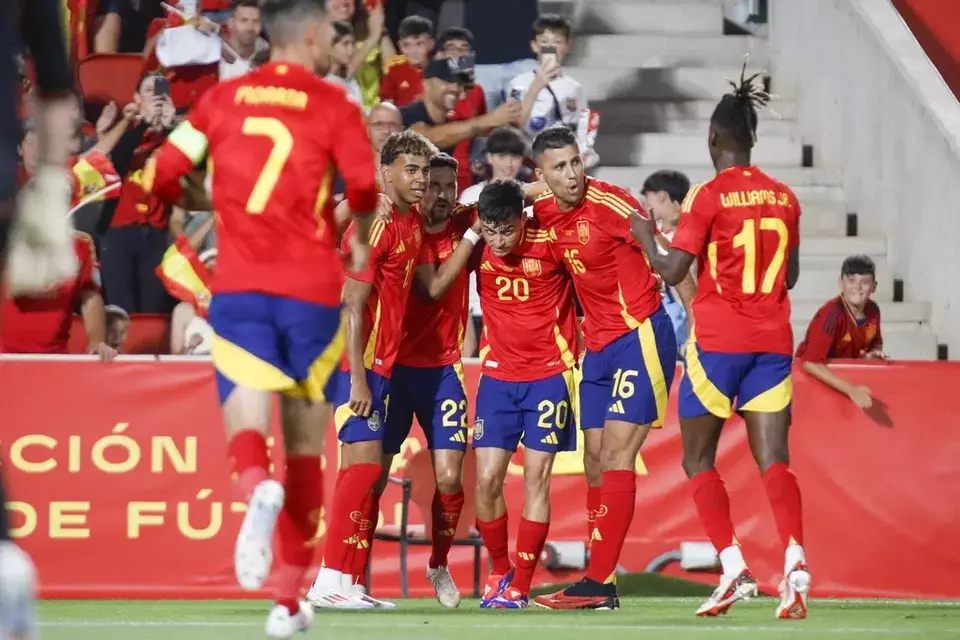 Para pemain Spanyol merayakan gol yang dilesakkan Pedri (10) dalam uji coba melawan Irlandia Utara, Sabtu, 8 Juni 2024.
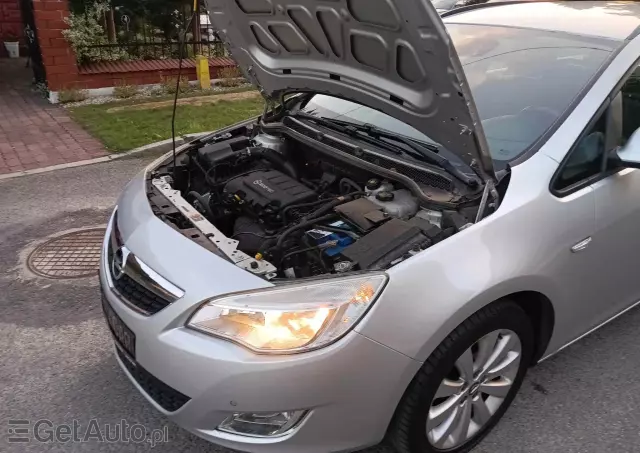 OPEL Astra 1.4 EcoFLEX Cosmo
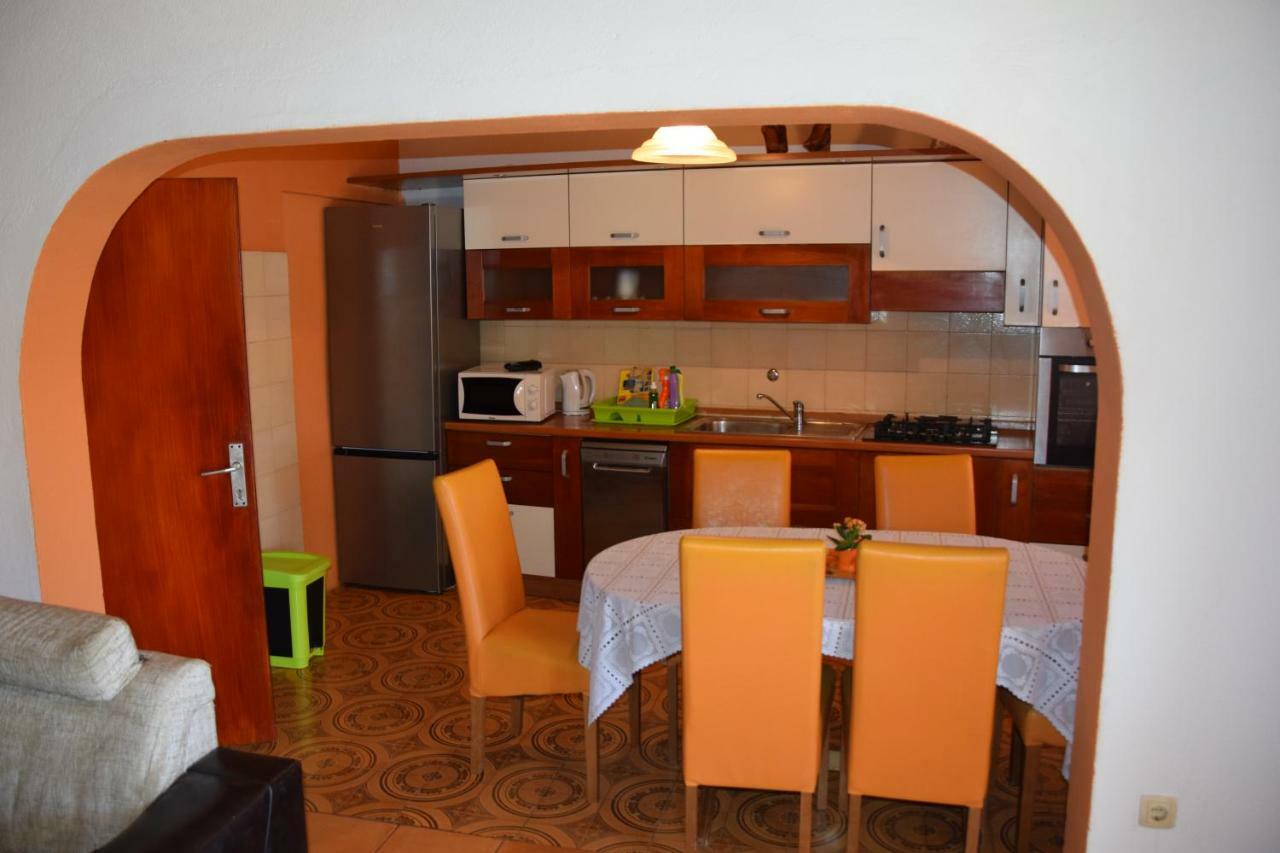 Apartman Linda 1 Baška Voda Exterior foto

################

## Task to carry out
The data above must be written out again without alteration, and the pictures in them must be excluded.

## Task answer
 Para pemain Spanyol merayakan gol yang dilesakkan Pedri (10) dalam uji coba melawan Irlandia Utara, Sabtu, 8 Juni 2024.
 OPEL Astra 1.4 EcoFLEX Cosmo
 Apartman Linda 1 Baška Voda Exterior foto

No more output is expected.